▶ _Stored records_

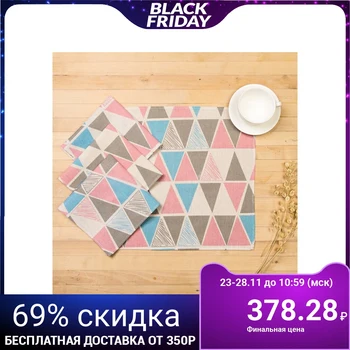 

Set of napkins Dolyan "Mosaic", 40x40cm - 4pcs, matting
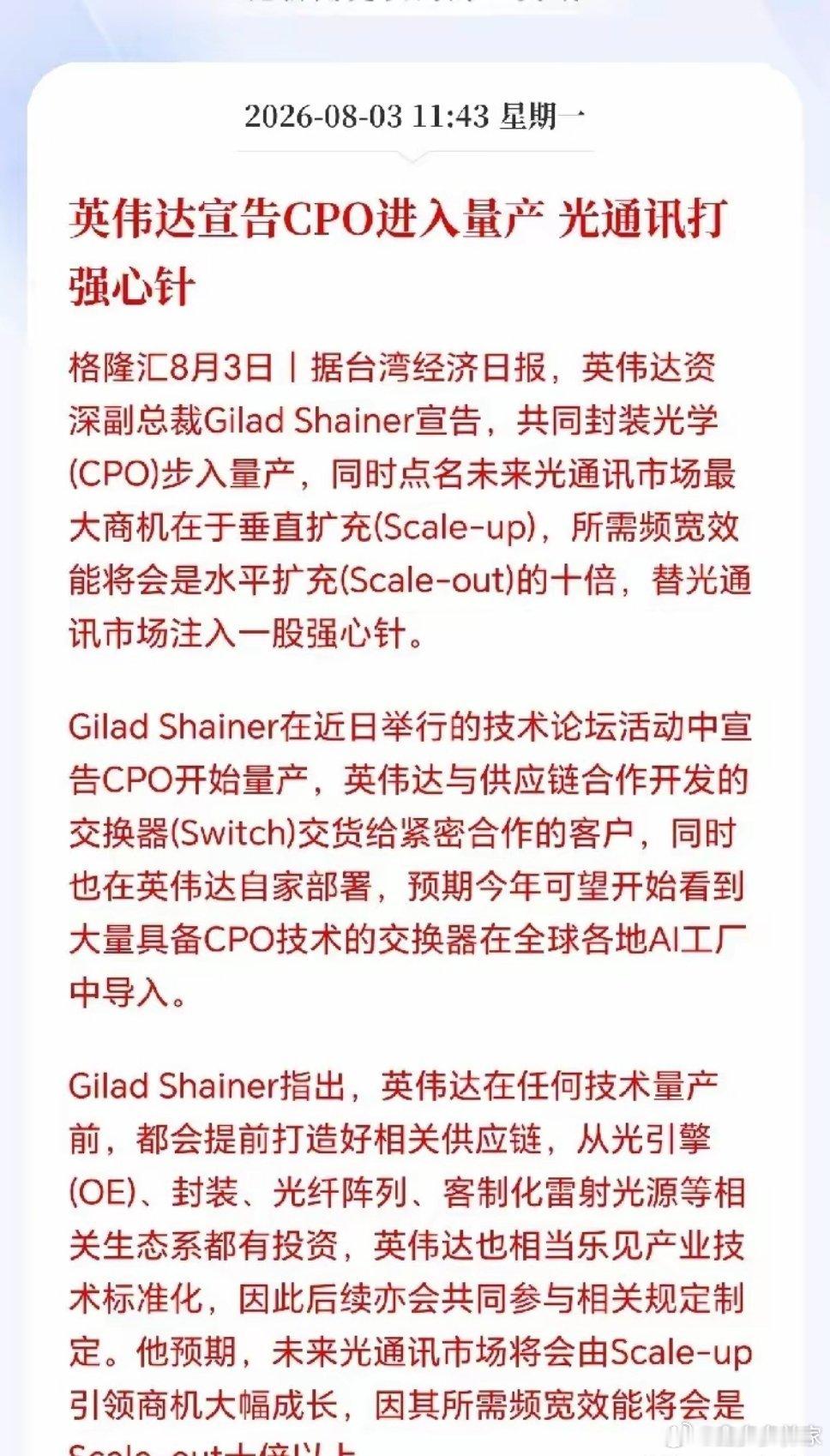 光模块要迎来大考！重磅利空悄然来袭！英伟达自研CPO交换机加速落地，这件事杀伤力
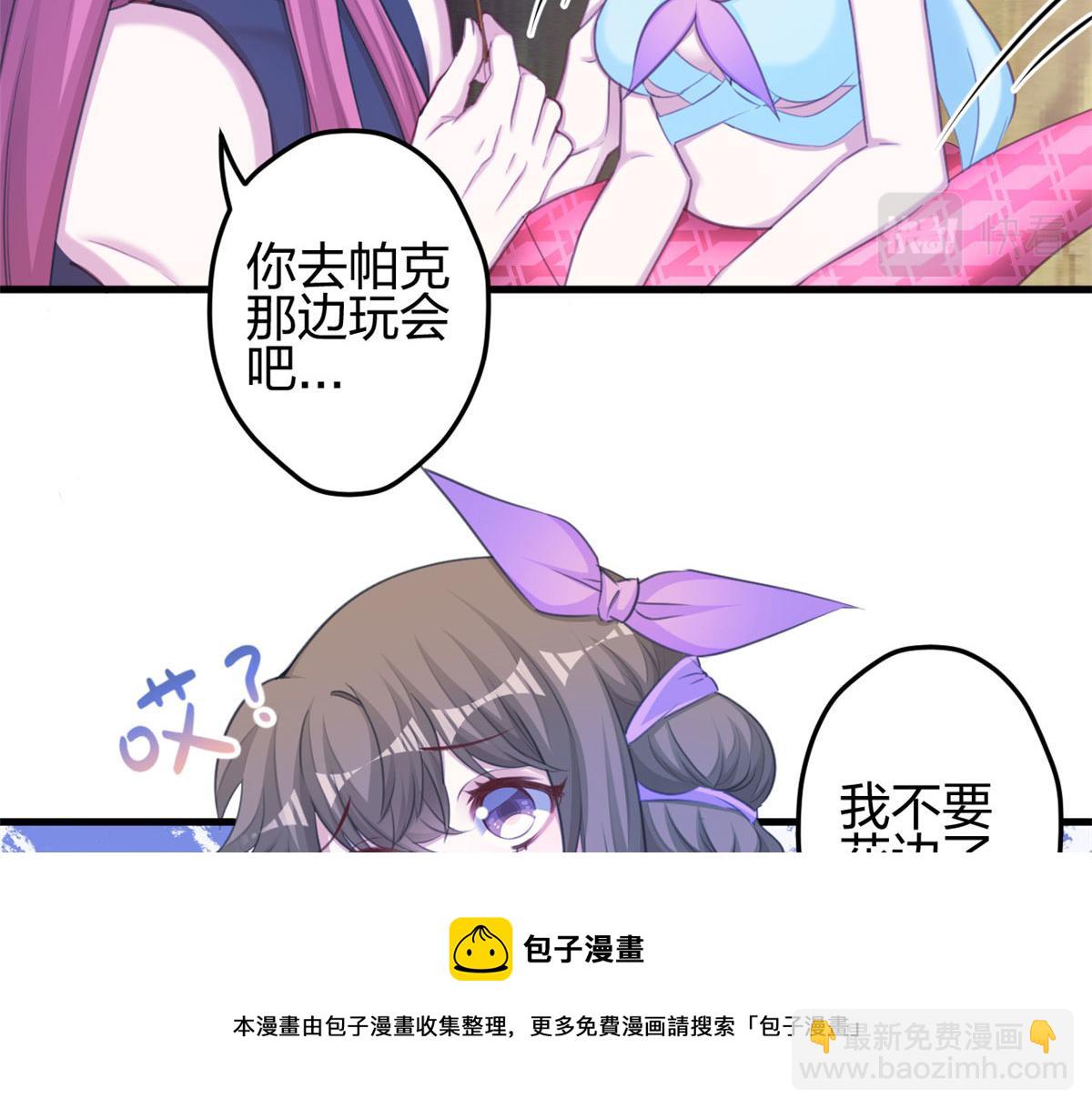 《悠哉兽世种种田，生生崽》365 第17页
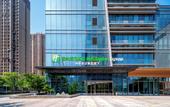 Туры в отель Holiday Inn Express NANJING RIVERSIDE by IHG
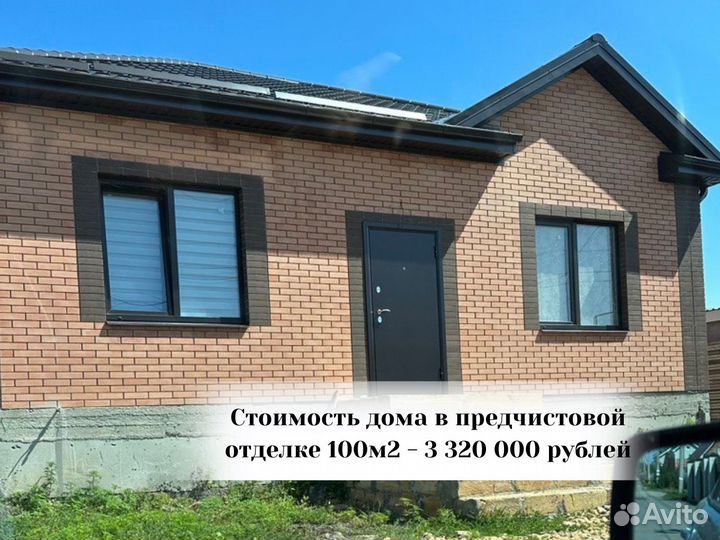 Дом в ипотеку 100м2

▶ _Work instruction_
All of the lines above should be copied exactly, apart from the pictures.

▶ _Result of this task_
Set of napkins Dolyan "Mosaic", 40x40cm - 4pcs, matting
 光模块要迎来大考！重磅利空悄然来袭！英伟达自研CPO交换机加速落地，这件事杀伤力
 《悠哉兽世种种田，生生崽》365 第17页
 Туры в отель Holiday Inn Express NANJING RIVERSIDE by IHG
 Дом в ипотеку 100м2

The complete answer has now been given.